_WHAT THE EXERCISE ASKS_:
In the records below, find the line with "May include: A paperback" and the line with "Model is wearing". Print both exactly, along with every line between them, and no other line.

_TASK DATA_:

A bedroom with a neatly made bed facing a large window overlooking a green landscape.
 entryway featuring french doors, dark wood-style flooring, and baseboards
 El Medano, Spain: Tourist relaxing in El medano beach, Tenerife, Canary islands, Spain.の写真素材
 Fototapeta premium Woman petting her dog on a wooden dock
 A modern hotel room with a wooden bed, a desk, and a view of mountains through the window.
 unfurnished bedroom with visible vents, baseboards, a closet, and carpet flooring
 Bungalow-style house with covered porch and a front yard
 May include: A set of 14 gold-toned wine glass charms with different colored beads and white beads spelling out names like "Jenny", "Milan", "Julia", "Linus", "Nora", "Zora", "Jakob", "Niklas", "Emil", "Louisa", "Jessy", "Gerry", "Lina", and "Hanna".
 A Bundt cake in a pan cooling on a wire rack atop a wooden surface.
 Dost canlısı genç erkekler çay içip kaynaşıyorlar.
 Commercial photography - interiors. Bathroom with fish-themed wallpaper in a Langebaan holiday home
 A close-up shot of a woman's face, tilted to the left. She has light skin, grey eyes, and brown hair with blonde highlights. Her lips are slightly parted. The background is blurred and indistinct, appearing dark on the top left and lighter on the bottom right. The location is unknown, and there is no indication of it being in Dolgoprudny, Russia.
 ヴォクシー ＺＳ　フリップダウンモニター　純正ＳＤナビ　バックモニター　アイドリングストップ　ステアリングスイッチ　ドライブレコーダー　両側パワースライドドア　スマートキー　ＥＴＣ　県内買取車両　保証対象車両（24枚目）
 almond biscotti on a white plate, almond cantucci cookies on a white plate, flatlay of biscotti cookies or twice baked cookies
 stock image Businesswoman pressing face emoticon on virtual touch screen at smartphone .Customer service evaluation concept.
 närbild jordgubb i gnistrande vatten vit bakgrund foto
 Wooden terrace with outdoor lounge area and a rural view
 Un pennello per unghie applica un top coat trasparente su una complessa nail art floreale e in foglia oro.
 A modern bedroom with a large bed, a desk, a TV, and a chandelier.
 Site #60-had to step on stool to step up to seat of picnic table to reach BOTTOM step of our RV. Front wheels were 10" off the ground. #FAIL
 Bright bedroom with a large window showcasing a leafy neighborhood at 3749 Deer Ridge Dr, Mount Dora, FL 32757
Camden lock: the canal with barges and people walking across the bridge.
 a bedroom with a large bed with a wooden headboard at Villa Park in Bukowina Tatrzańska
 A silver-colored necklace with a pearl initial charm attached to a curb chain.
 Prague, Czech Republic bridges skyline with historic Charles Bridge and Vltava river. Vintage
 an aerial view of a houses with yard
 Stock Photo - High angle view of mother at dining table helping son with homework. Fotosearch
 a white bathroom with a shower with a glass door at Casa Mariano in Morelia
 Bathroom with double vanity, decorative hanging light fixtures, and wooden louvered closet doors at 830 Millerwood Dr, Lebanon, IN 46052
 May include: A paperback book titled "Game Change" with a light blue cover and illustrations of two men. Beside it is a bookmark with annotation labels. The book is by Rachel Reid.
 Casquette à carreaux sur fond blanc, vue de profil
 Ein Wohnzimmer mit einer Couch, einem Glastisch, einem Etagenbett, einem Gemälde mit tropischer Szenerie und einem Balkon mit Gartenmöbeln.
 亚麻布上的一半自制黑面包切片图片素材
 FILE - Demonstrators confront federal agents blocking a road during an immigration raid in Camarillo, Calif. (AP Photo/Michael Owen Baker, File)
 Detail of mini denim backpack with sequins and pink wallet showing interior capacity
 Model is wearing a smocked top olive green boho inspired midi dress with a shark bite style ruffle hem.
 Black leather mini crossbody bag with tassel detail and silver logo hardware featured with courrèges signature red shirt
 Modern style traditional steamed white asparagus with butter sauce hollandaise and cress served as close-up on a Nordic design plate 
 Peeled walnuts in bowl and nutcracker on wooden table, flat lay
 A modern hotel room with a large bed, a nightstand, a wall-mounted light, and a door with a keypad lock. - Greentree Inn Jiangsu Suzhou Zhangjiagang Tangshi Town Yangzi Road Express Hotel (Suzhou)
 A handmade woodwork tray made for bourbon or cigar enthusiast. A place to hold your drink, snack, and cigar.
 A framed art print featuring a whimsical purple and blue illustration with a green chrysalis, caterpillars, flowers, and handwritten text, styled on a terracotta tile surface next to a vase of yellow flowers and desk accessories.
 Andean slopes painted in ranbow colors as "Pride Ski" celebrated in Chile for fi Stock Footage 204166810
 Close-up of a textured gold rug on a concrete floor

_TASK SOLUTION_:
 May include: A paperback book titled "Game Change" with a light blue cover and illustrations of two men. Beside it is a bookmark with annotation labels. The book is by Rachel Reid.
 Casquette à carreaux sur fond blanc, vue de profil
 Ein Wohnzimmer mit einer Couch, einem Glastisch, einem Etagenbett, einem Gemälde mit tropischer Szenerie und einem Balkon mit Gartenmöbeln.
 亚麻布上的一半自制黑面包切片图片素材
 FILE - Demonstrators confront federal agents blocking a road during an immigration raid in Camarillo, Calif. (AP Photo/Michael Owen Baker, File)
 Detail of mini denim backpack with sequins and pink wallet showing interior capacity
 Model is wearing a smocked top olive green boho inspired midi dress with a shark bite style ruffle hem.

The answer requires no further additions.